▶ [TO DO]
Please repeat the entries exactly as they appear and omit any images.

▶ [RECORDS SHOWN]
+++++

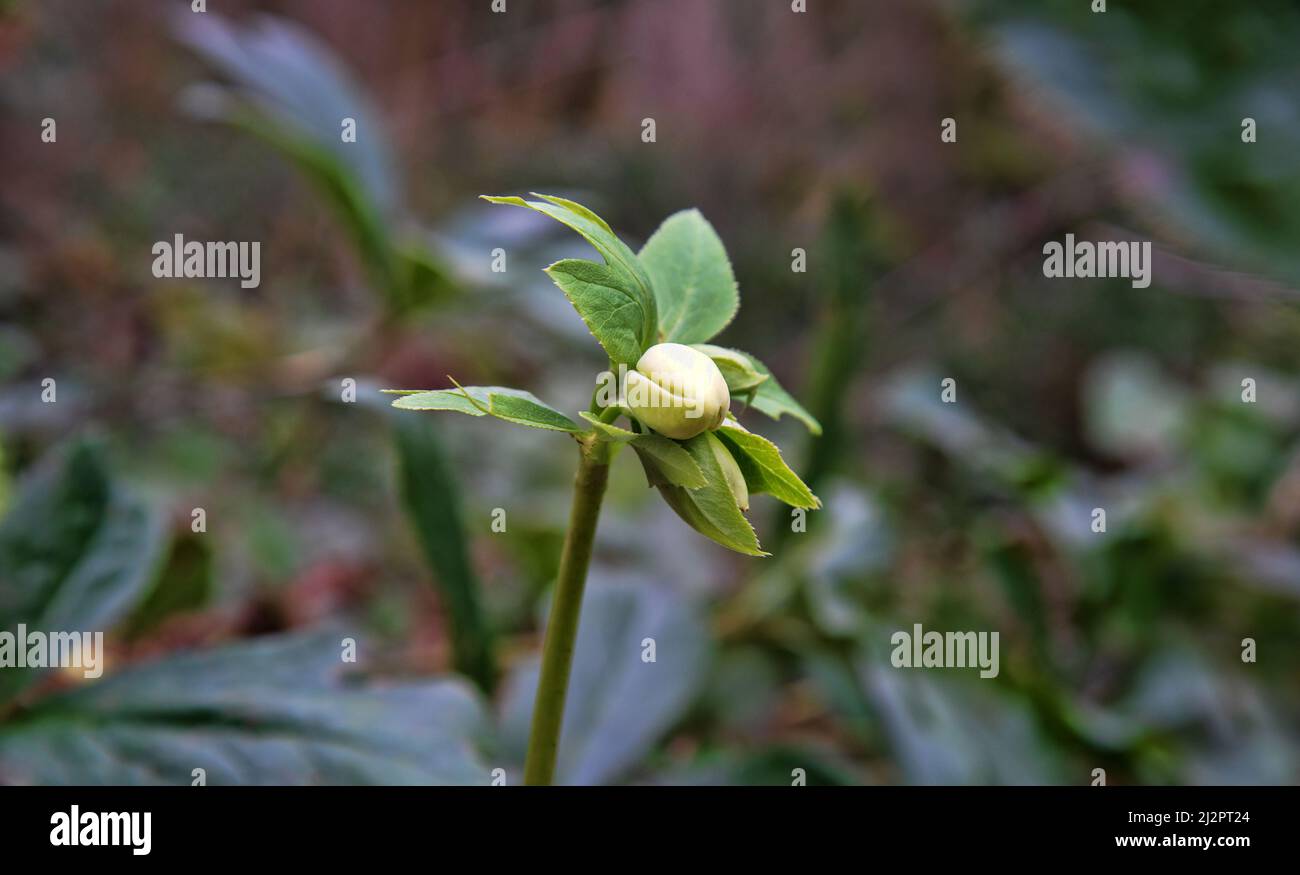 Les premiers proliférations dans la forêt subtropicale d'hiver. La rose de Lenten (Helleborus orientalis) fleurit sur la côte de la mer Noire du Caucase. Très probablement Helleborus orienta Banque D'Images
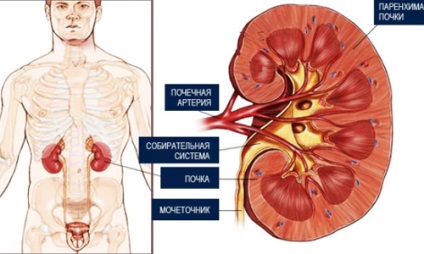 Dieta cu principiile de bază ale glomerulonefritei, meniul aproximativ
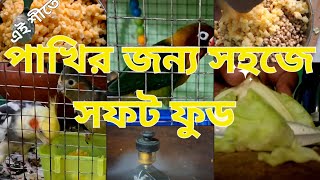 Soft food for birds।Soft food for budjies 2025। সহজে পাখির সফট ফুড। cocktail pakhir soft food winter [upl. by Onitnatsnoc]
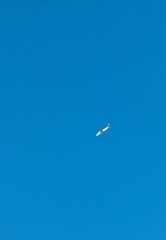 1607973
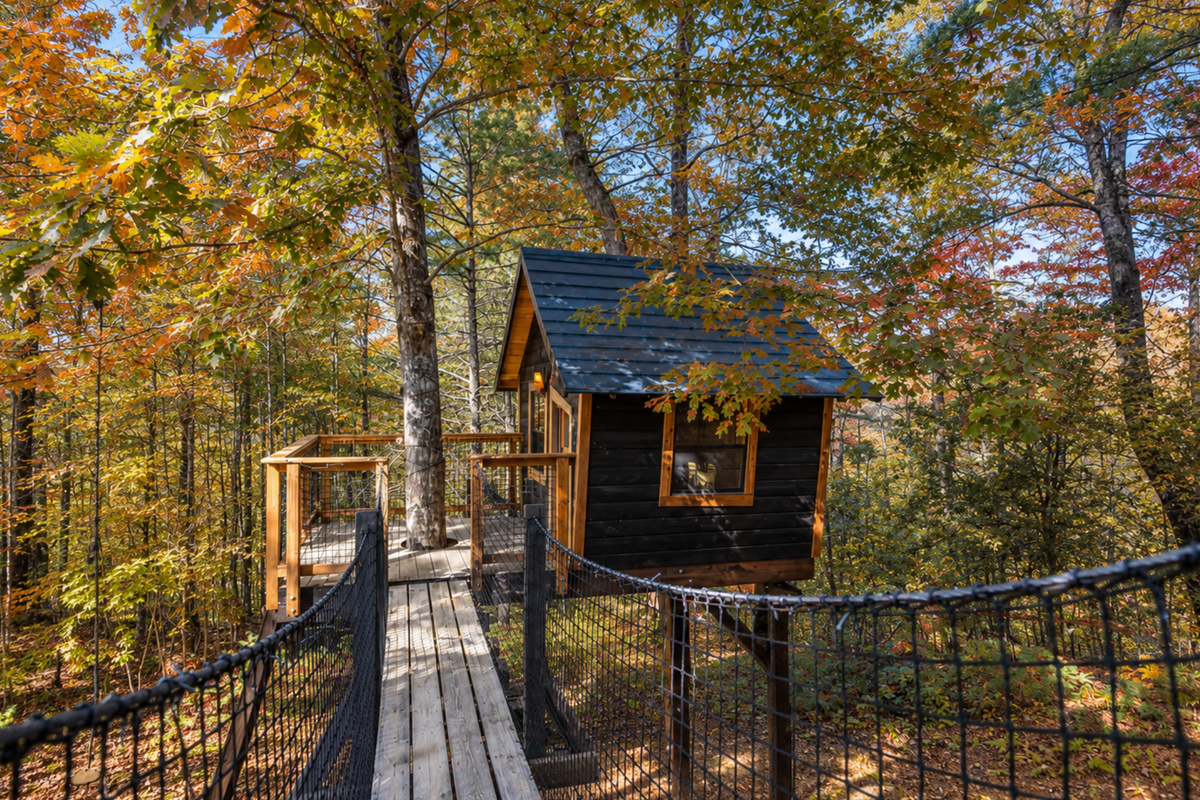 Cross into adventure, treehouse magic awaits.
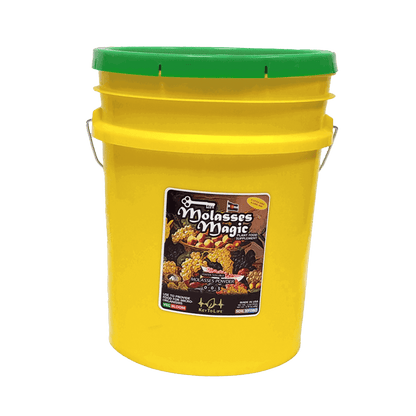 Molasses Magic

+++++

▶ [RESULT OF THIS TASK]
 Les premiers proliférations dans la forêt subtropicale d'hiver. La rose de Lenten (Helleborus orientalis) fleurit sur la côte de la mer Noire du Caucase. Très probablement Helleborus orienta Banque D'Images
 Dieta cu principiile de bază ale glomerulonefritei, meniul aproximativ
 Soft food for birds।Soft food for budjies 2025। সহজে পাখির সফট ফুড। cocktail pakhir soft food winter [upl. by Onitnatsnoc]
 1607973
 Cross into adventure, treehouse magic awaits.
 Molasses Magic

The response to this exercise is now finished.